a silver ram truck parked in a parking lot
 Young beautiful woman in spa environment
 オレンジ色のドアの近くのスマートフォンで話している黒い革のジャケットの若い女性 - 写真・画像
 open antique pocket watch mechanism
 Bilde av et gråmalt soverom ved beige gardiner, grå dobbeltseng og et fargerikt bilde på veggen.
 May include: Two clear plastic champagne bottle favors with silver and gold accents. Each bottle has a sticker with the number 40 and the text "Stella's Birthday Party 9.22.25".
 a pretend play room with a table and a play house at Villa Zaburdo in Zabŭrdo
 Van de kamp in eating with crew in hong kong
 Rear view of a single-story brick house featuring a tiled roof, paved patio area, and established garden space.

Task to carry out
Copy out all of the listing, exactly as it reads.

Answer for the task
a silver ram truck parked in a parking lot
 Young beautiful woman in spa environment
 オレンジ色のドアの近くのスマートフォンで話している黒い革のジャケットの若い女性 - 写真・画像
 open antique pocket watch mechanism
 Bilde av et gråmalt soverom ved beige gardiner, grå dobbeltseng og et fargerikt bilde på veggen.
 May include: Two clear plastic champagne bottle favors with silver and gold accents. Each bottle has a sticker with the number 40 and the text "Stella's Birthday Party 9.22.25".
 a pretend play room with a table and a play house at Villa Zaburdo in Zabŭrdo
 Van de kamp in eating with crew in hong kong
 Rear view of a single-story brick house featuring a tiled roof, paved patio area, and established garden space.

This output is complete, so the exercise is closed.